▶ **About this exercise**: As the answer, set down the lines below from the one containing "Hollister California Mens" through the one containing "Blue Under Armor short sleeve collard shirt", exactly and inclusively, and no others.

(Extracted records)
◇ ◇ ◇ ◇

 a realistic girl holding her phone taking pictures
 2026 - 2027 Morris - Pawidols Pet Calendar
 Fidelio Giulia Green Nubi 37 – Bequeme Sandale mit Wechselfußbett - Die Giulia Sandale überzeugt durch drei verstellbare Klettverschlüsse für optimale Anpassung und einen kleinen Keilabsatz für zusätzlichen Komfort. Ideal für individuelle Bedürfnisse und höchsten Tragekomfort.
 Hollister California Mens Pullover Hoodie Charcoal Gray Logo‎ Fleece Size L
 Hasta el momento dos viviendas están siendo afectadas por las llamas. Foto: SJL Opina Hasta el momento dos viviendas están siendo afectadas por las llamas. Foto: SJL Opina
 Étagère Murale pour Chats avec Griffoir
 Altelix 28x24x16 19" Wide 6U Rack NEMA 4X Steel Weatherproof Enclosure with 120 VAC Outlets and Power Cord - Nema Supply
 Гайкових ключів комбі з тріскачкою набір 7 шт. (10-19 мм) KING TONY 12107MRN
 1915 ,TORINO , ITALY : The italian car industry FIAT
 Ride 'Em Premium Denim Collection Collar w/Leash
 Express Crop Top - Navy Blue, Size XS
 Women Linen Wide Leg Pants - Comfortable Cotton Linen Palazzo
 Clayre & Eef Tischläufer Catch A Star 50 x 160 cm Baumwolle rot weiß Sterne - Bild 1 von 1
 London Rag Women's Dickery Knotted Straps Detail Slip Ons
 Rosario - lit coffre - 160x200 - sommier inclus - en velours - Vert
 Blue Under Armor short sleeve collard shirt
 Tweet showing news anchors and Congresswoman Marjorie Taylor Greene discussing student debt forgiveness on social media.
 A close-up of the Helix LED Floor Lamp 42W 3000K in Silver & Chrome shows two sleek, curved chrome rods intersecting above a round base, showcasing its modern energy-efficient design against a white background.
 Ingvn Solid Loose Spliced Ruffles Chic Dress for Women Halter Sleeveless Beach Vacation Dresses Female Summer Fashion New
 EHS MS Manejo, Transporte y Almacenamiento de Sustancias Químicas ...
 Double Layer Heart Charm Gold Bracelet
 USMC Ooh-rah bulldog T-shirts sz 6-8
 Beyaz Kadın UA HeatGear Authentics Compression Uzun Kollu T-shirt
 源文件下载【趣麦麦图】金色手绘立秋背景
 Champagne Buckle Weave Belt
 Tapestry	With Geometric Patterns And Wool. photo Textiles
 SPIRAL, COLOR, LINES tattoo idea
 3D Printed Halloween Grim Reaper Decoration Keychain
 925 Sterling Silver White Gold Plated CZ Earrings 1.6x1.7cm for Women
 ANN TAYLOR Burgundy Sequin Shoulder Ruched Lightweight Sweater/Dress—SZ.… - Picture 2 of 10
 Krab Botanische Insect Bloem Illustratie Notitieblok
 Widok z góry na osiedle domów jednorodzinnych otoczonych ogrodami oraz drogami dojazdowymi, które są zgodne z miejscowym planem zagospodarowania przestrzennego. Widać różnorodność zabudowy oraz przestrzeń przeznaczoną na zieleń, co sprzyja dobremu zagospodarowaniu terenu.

◇ ◇ ◇ ◇

▶ **Exercise answer**:
 Hollister California Mens Pullover Hoodie Charcoal Gray Logo‎ Fleece Size L
 Hasta el momento dos viviendas están siendo afectadas por las llamas. Foto: SJL Opina Hasta el momento dos viviendas están siendo afectadas por las llamas. Foto: SJL Opina
 Étagère Murale pour Chats avec Griffoir
 Altelix 28x24x16 19" Wide 6U Rack NEMA 4X Steel Weatherproof Enclosure with 120 VAC Outlets and Power Cord - Nema Supply
 Гайкових ключів комбі з тріскачкою набір 7 шт. (10-19 мм) KING TONY 12107MRN
 1915 ,TORINO , ITALY : The italian car industry FIAT
 Ride 'Em Premium Denim Collection Collar w/Leash
 Express Crop Top - Navy Blue, Size XS
 Women Linen Wide Leg Pants - Comfortable Cotton Linen Palazzo
 Clayre & Eef Tischläufer Catch A Star 50 x 160 cm Baumwolle rot weiß Sterne - Bild 1 von 1
 London Rag Women's Dickery Knotted Straps Detail Slip Ons
 Rosario - lit coffre - 160x200 - sommier inclus - en velours - Vert
 Blue Under Armor short sleeve collard shirt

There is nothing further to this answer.